Images for object localization:

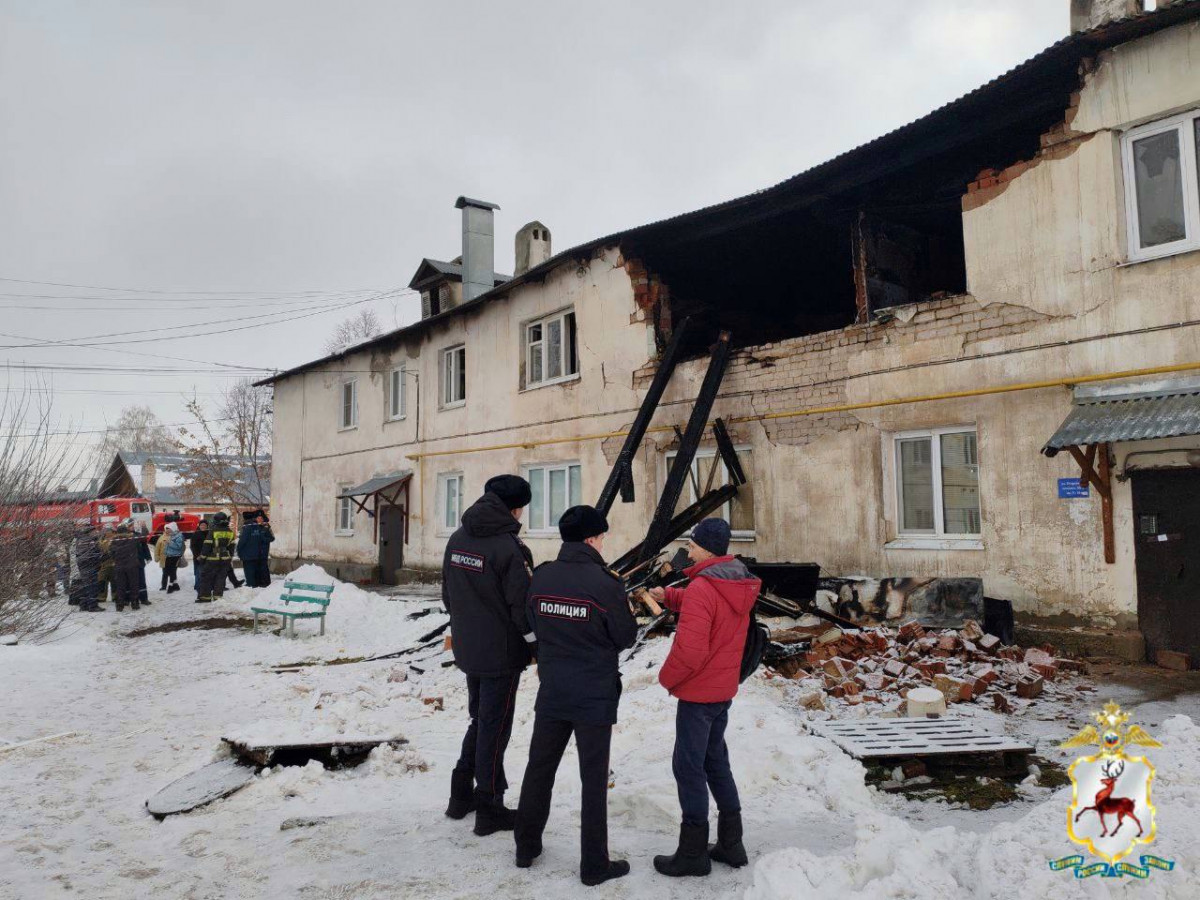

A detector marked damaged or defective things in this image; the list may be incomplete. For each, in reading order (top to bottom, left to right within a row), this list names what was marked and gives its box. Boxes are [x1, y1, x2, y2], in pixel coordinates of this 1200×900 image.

broken window [1118, 110, 1200, 260]
broken window [340, 379, 357, 432]
broken window [436, 343, 463, 408]
broken window [525, 309, 580, 388]
damaged two-story building [260, 0, 1200, 662]
broken window [436, 472, 463, 535]
broken window [523, 465, 583, 535]
broken window [667, 448, 748, 540]
broken window [897, 427, 979, 540]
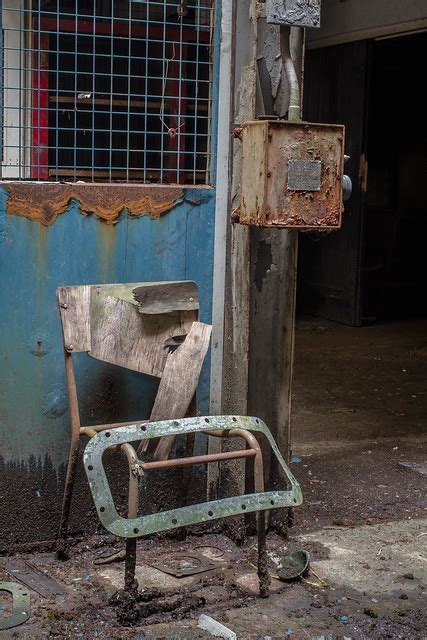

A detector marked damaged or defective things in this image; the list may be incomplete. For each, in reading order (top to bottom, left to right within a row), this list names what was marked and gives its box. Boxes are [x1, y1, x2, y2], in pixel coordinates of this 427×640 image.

corroded metal edge [2, 182, 184, 225]
peeling paint on metal [3, 182, 184, 225]
rusty electrical box [236, 120, 346, 230]
rusty metal chair frame [55, 280, 207, 556]
rusty metal bracket [83, 416, 304, 540]
corroded metal edge [84, 416, 304, 540]
rusty metal chair frame [84, 418, 304, 596]
rusty metal bracket [0, 580, 30, 632]
corroded metal edge [0, 580, 31, 632]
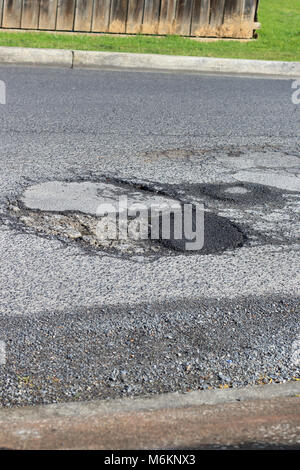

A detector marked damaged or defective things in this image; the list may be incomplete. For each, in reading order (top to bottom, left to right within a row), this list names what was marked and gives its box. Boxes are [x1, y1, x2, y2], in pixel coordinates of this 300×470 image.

large pothole [8, 181, 246, 258]
damaged road surface [0, 66, 298, 408]
cracked asphalt [0, 67, 298, 408]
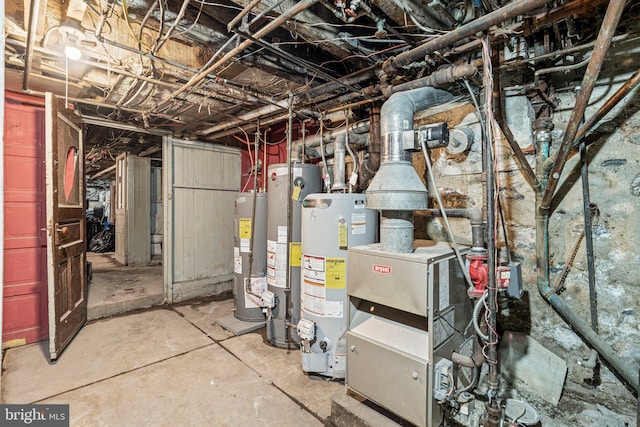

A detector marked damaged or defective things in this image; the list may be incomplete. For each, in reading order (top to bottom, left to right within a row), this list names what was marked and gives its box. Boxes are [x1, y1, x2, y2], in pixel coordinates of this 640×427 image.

rusty pipe [380, 0, 556, 77]
rusty pipe [540, 0, 624, 209]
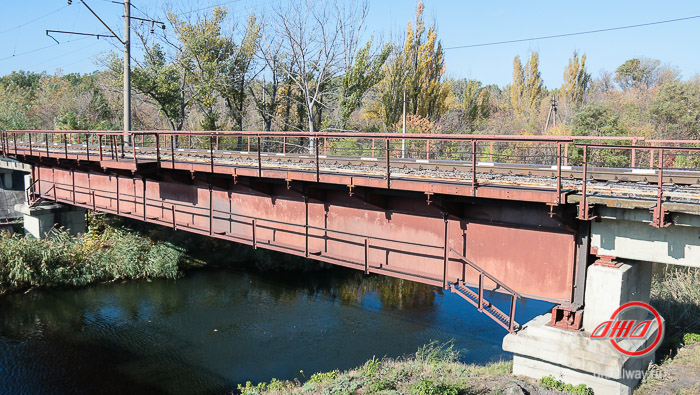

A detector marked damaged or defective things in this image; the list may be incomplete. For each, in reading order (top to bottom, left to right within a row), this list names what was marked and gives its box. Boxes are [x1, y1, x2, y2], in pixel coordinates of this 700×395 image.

rusty steel bridge [1, 131, 700, 334]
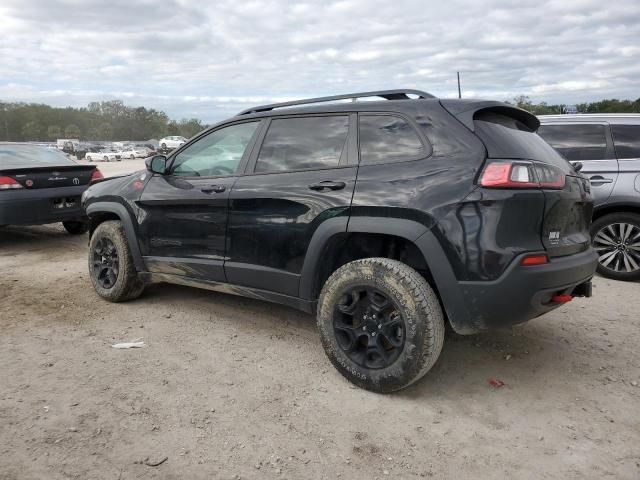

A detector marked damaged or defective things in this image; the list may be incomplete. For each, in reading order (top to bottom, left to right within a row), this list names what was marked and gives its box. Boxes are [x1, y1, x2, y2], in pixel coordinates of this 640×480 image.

damaged dark sedan [0, 142, 102, 234]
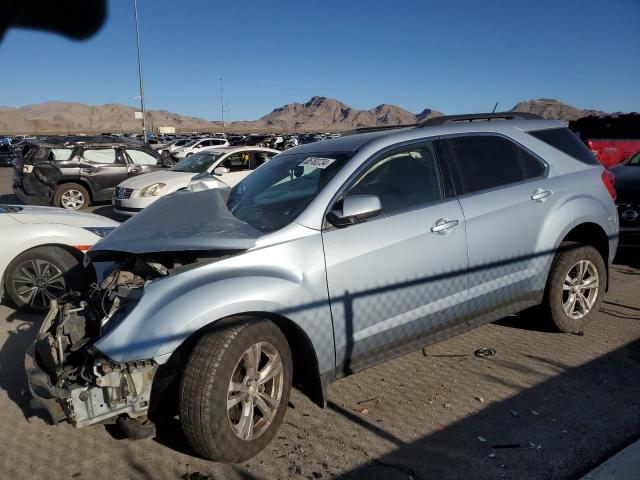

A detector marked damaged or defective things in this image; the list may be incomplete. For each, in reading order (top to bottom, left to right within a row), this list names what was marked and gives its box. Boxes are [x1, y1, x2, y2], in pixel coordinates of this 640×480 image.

EXERCISE DESCRIPTION: Copy out each record word for word and omit any pictures.

SOLUTION TO THIS TASK:
A detector marked damaged or defective things in this image; the list may be incomplete. For each, in reading order (top to bottom, left to right within a row), this list names what was marked and gives its box. Boxes are [x1, y1, x2, y2], in pixel coordinates of this 1200×900 image.

broken window [1118, 110, 1200, 260]
broken window [340, 379, 357, 432]
broken window [436, 343, 463, 408]
broken window [525, 309, 580, 388]
damaged two-story building [260, 0, 1200, 662]
broken window [436, 472, 463, 535]
broken window [523, 465, 583, 535]
broken window [667, 448, 748, 540]
broken window [897, 427, 979, 540]

A detector marked damaged or defective things in this image; the list may be incomplete. For each, in reading order (top to bottom, left to right within a row), this list names what was marked and gives its box. Boxes are [x1, y1, x2, y2], in pixel coordinates of this 427×640 image.

corroded metal edge [2, 182, 184, 225]
peeling paint on metal [3, 182, 184, 225]
rusty electrical box [236, 120, 346, 230]
rusty metal chair frame [55, 280, 207, 556]
rusty metal bracket [83, 416, 304, 540]
corroded metal edge [84, 416, 304, 540]
rusty metal chair frame [84, 418, 304, 596]
rusty metal bracket [0, 580, 30, 632]
corroded metal edge [0, 580, 31, 632]

A detector marked damaged or defective things in this image; the list may be incomplete. For each, in reading order (top to bottom, left to right within a row), this list names what was marked and gives its box. Boxes are [x1, y1, x2, y2], in pixel coordinates of this 300×470 image.

large pothole [8, 181, 246, 258]
damaged road surface [0, 66, 298, 408]
cracked asphalt [0, 67, 298, 408]

A detector marked damaged or defective things in this image; the list may be incomplete. For each, in reading order (top to bottom, left to right within a row), this list names what was marked and gives its box. Boxes are [x1, y1, x2, y2], in pixel coordinates of this 640×427 image.

rusty pipe [380, 0, 556, 77]
rusty pipe [540, 0, 624, 209]

A detector marked damaged or defective things in this image; the list may be incomplete. For each, in reading order (top to bottom, left to right within a row), this list names what was marked and gives its box. Boxes are [x1, y1, x2, y2], in pixel coordinates of this 700×395 image.

rusty steel bridge [1, 131, 700, 334]

A detector marked damaged or defective things in this image; the list may be incomplete. For each, in reading order (top to bottom, left to right within a row), this list names what was marked and gives its box. Boxes are [x1, y1, x2, y2], in pixel coordinates of this 640×480 image.

damaged dark sedan [0, 142, 102, 234]

A detector marked damaged or defective things in this image; the list may be incomplete. For each, in reading order (top to bottom, left to right within a row), this list names what was marked and gives its box. Boxes are [x1, y1, x2, y2], in pixel coordinates of this 640×480 image.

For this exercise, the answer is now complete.